» **ASSIGNMENT**
Without the images, write out all of the following entries exactly.

» **DATA FOR PROCESSING**

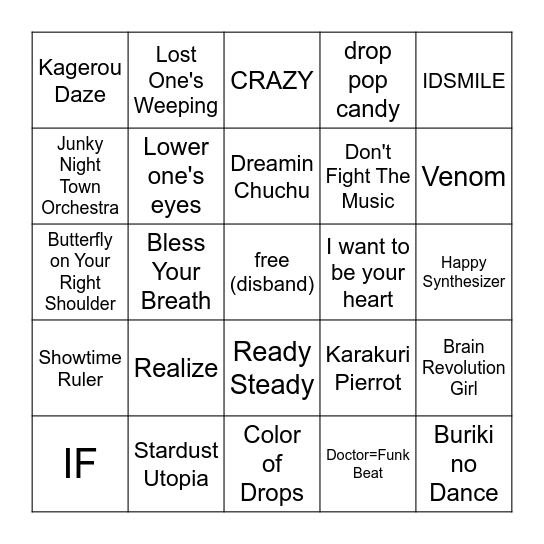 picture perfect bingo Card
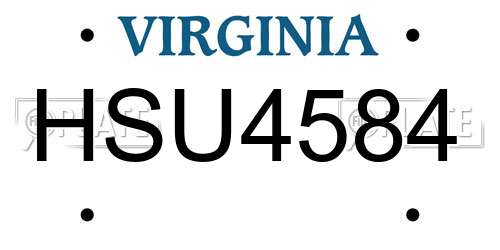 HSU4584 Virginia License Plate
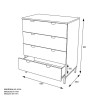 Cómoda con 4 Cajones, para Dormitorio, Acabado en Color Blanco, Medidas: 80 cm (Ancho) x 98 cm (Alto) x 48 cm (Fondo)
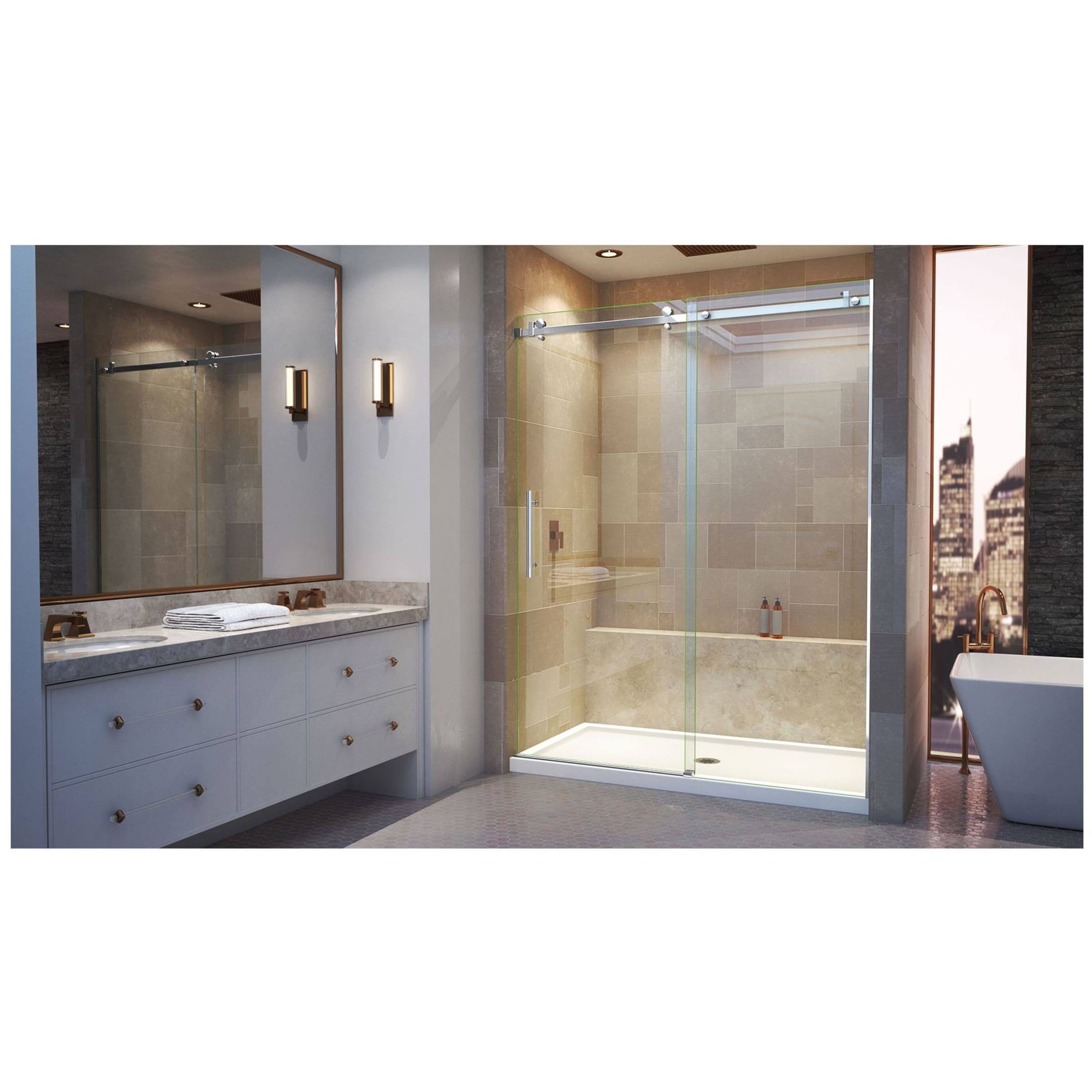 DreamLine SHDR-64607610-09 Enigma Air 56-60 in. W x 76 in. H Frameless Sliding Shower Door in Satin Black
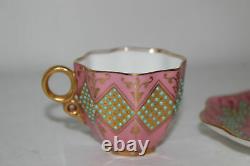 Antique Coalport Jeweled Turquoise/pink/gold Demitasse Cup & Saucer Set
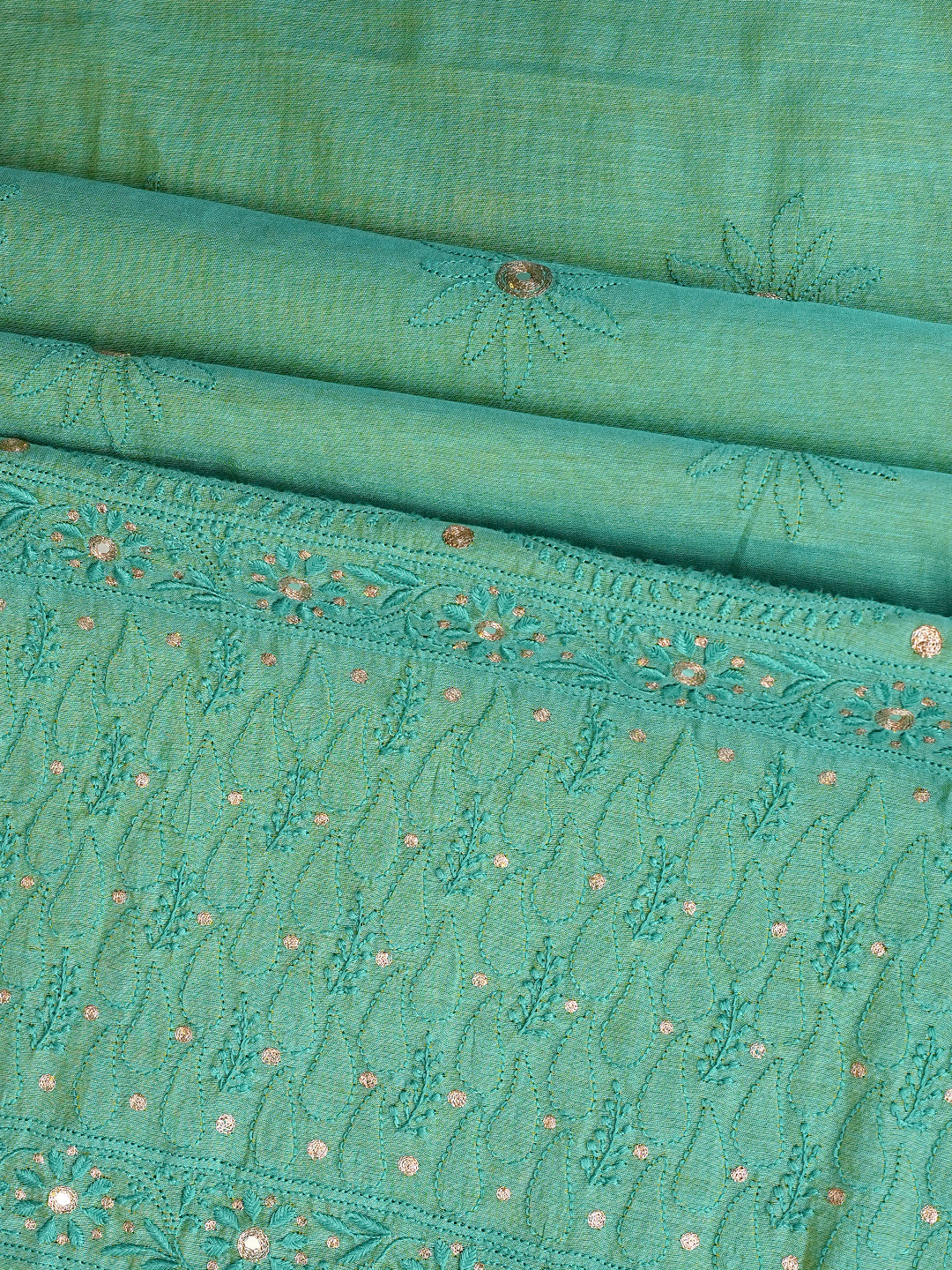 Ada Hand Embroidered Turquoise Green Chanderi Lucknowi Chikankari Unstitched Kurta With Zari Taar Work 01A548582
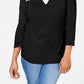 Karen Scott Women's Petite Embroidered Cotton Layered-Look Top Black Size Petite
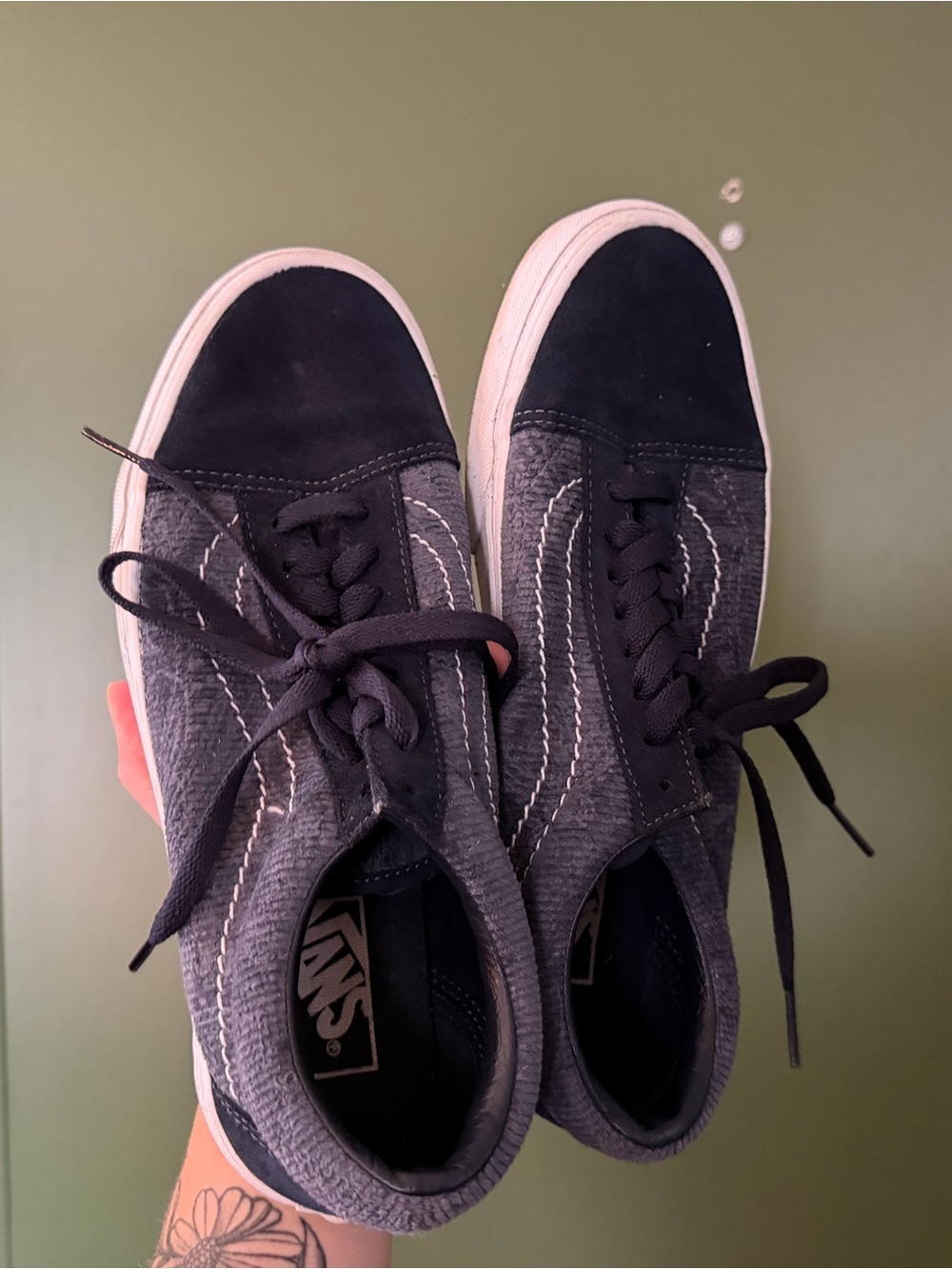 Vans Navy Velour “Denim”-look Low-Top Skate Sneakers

» **EXERCISE RESULT**
 picture perfect bingo Card
 HSU4584 Virginia License Plate
 Cómoda con 4 Cajones, para Dormitorio, Acabado en Color Blanco, Medidas: 80 cm (Ancho) x 98 cm (Alto) x 48 cm (Fondo)
 DreamLine SHDR-64607610-09 Enigma Air 56-60 in. W x 76 in. H Frameless Sliding Shower Door in Satin Black
 Antique Coalport Jeweled Turquoise/pink/gold Demitasse Cup & Saucer Set
 Ada Hand Embroidered Turquoise Green Chanderi Lucknowi Chikankari Unstitched Kurta With Zari Taar Work 01A548582
 Karen Scott Women's Petite Embroidered Cotton Layered-Look Top Black Size Petite
 Vans Navy Velour “Denim”-look Low-Top Skate Sneakers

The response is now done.